• The task
Return every line of the records below verbatim, with no pictures in the copy.

• Short web captions
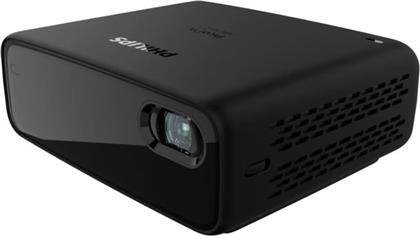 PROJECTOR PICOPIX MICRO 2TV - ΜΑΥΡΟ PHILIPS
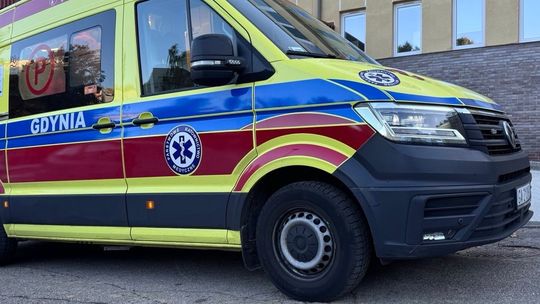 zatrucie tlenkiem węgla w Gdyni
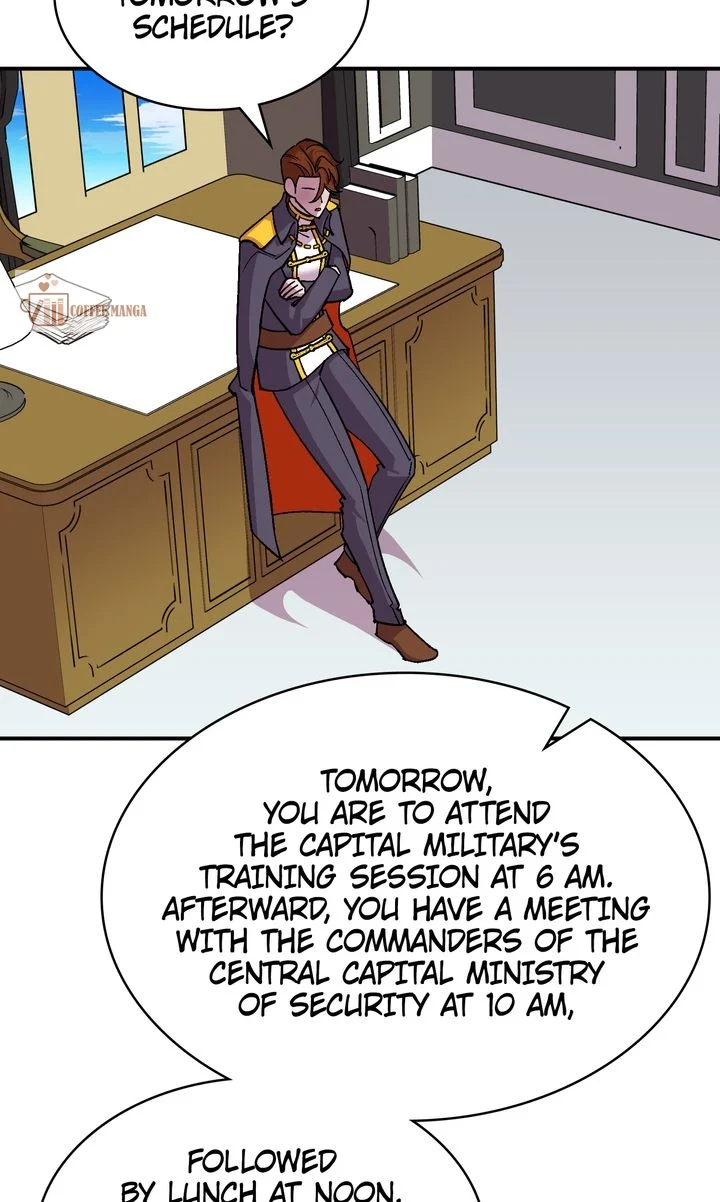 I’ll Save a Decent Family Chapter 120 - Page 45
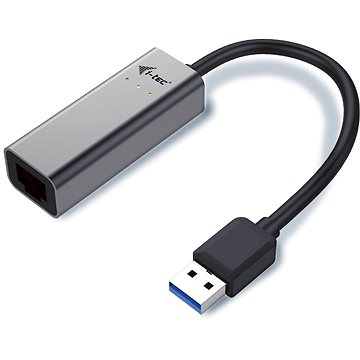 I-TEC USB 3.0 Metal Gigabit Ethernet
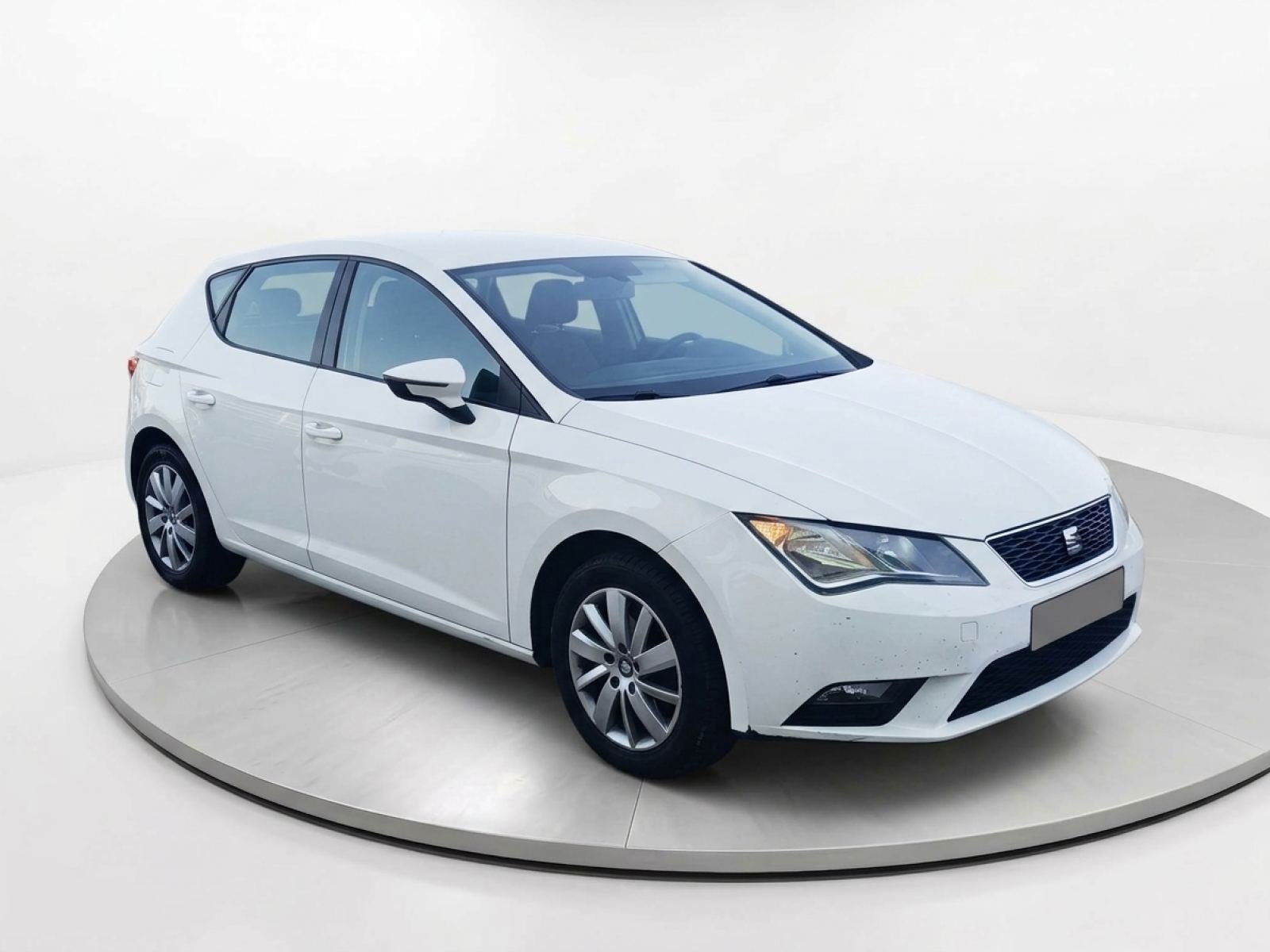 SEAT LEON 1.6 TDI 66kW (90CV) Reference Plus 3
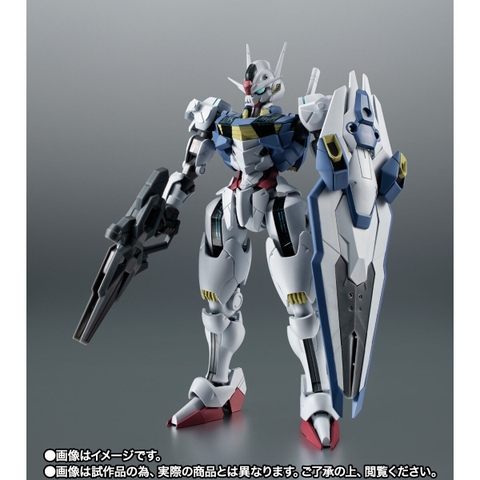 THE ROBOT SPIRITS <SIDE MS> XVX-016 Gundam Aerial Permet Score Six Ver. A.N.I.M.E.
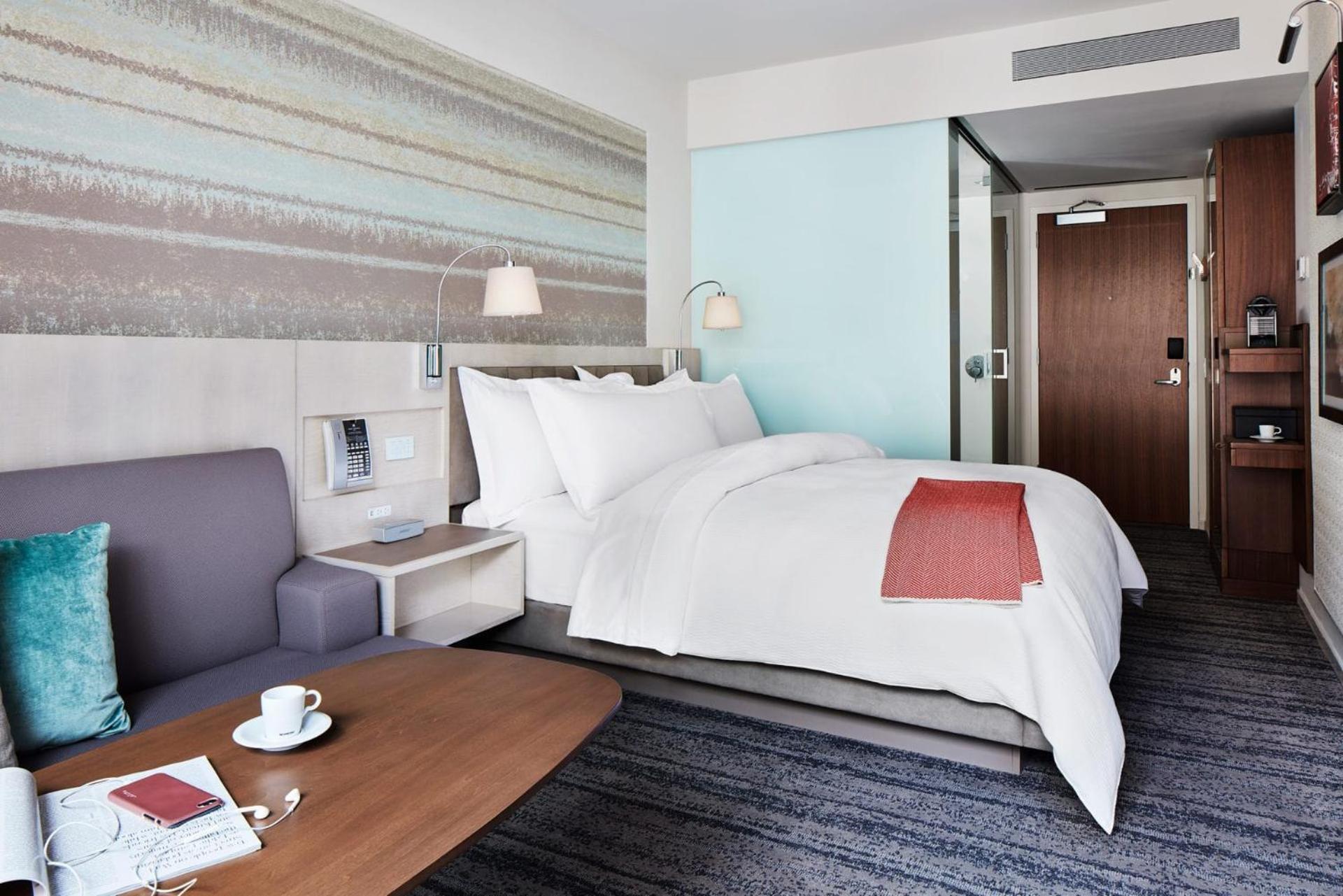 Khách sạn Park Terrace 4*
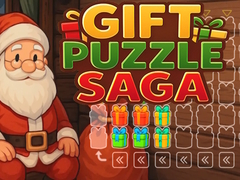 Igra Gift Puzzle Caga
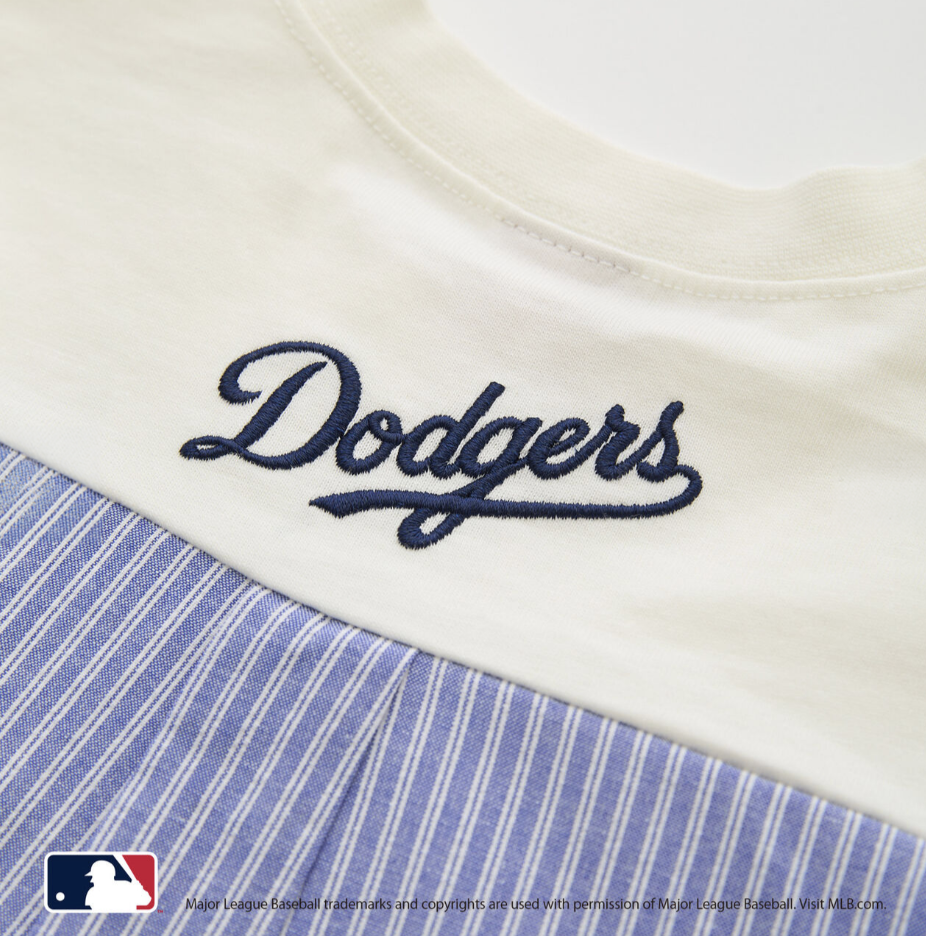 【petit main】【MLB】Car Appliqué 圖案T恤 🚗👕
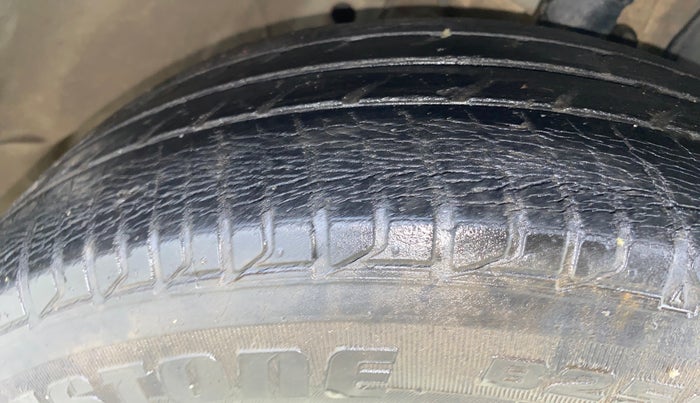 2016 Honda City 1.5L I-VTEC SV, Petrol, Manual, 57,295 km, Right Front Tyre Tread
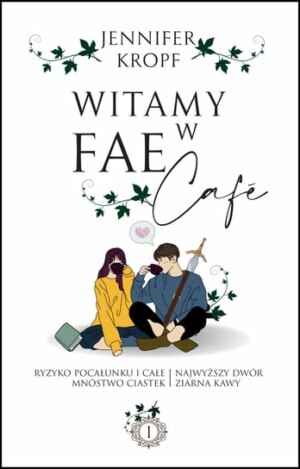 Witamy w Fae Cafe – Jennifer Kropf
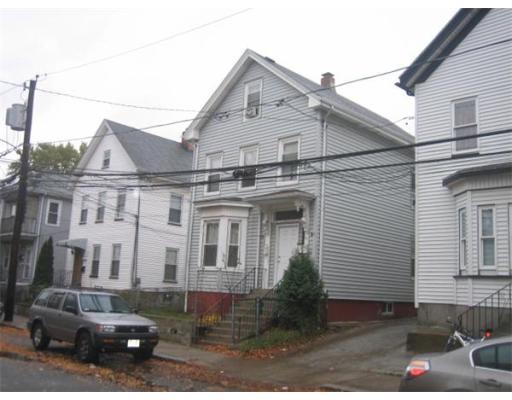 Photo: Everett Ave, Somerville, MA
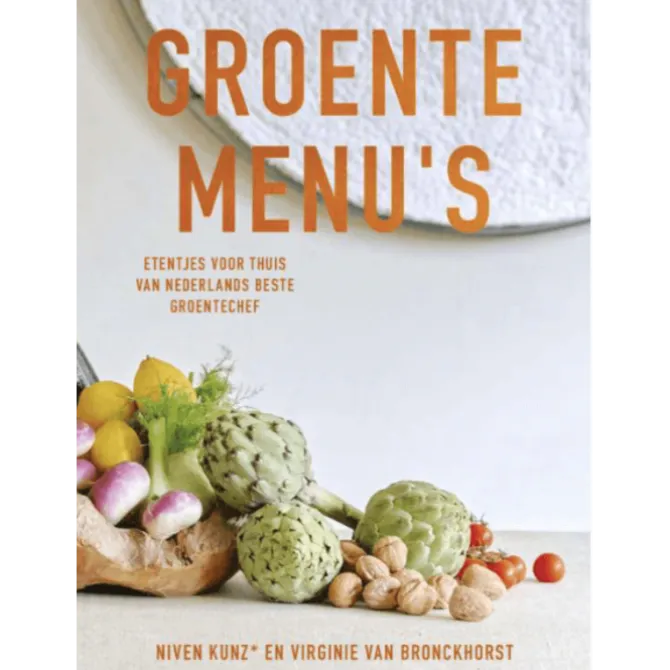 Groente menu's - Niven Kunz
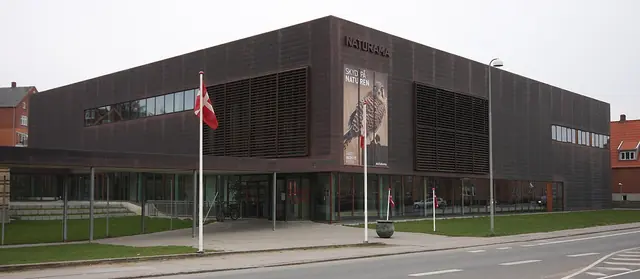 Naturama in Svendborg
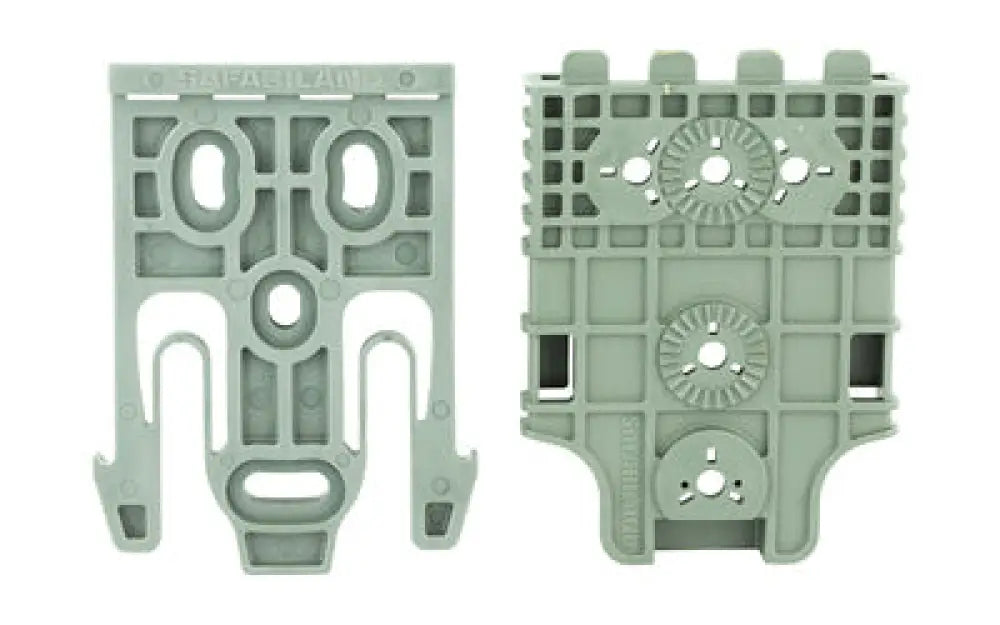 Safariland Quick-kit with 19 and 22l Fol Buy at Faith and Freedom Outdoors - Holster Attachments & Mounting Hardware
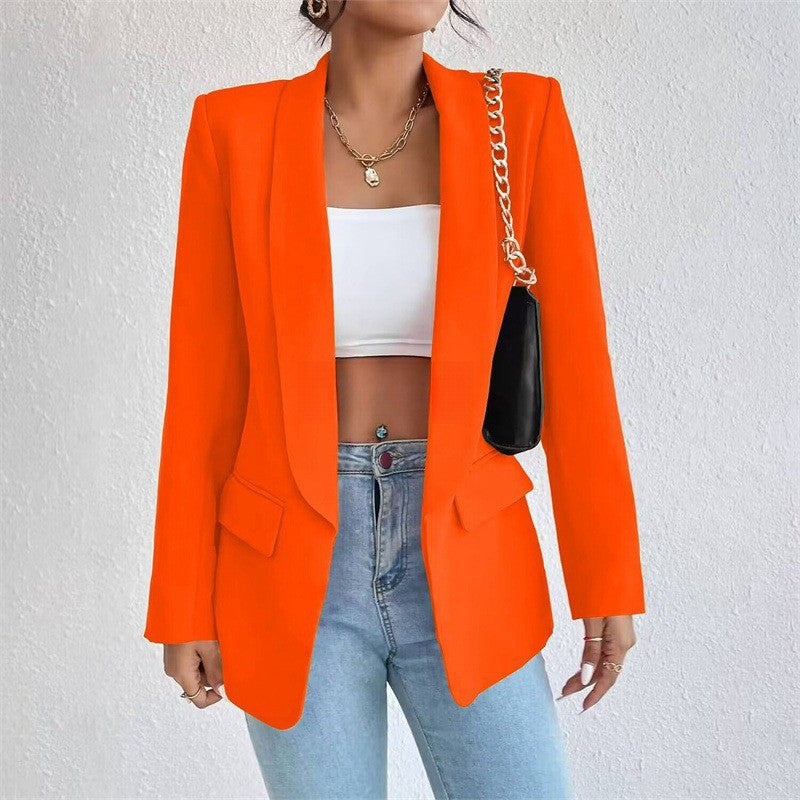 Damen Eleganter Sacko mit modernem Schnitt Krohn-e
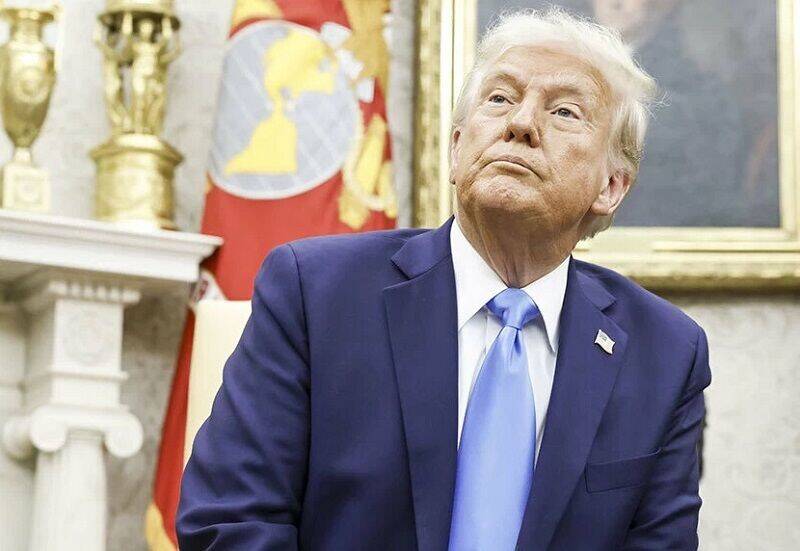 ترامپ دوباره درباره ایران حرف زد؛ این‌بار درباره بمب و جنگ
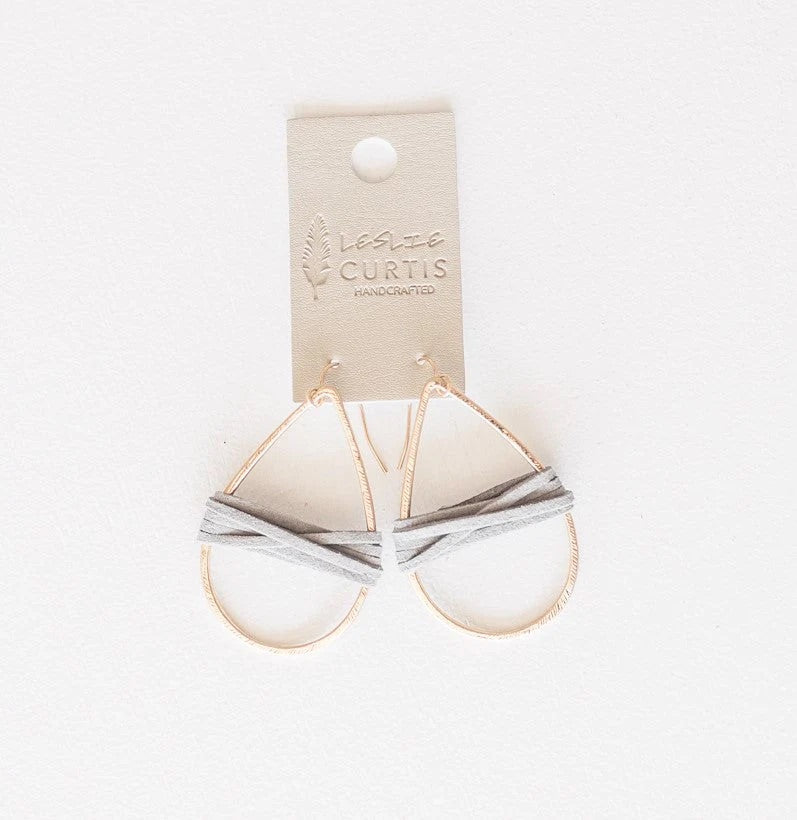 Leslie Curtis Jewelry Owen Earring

• Response for this exercise
 PROJECTOR PICOPIX MICRO 2TV - ΜΑΥΡΟ PHILIPS
 zatrucie tlenkiem węgla w Gdyni
 I’ll Save a Decent Family Chapter 120 - Page 45
 I-TEC USB 3.0 Metal Gigabit Ethernet
 SEAT LEON 1.6 TDI 66kW (90CV) Reference Plus 3
 THE ROBOT SPIRITS <SIDE MS> XVX-016 Gundam Aerial Permet Score Six Ver. A.N.I.M.E.
 Khách sạn Park Terrace 4*
 Igra Gift Puzzle Caga
 【petit main】【MLB】Car Appliqué 圖案T恤 🚗👕
 2016 Honda City 1.5L I-VTEC SV, Petrol, Manual, 57,295 km, Right Front Tyre Tread
 Witamy w Fae Cafe – Jennifer Kropf
 Photo: Everett Ave, Somerville, MA
 Groente menu's - Niven Kunz
 Naturama in Svendborg
 Safariland Quick-kit with 19 and 22l Fol Buy at Faith and Freedom Outdoors - Holster Attachments & Mounting Hardware
 Damen Eleganter Sacko mit modernem Schnitt Krohn-e
 ترامپ دوباره درباره ایران حرف زد؛ این‌بار درباره بمب و جنگ
 Leslie Curtis Jewelry Owen Earring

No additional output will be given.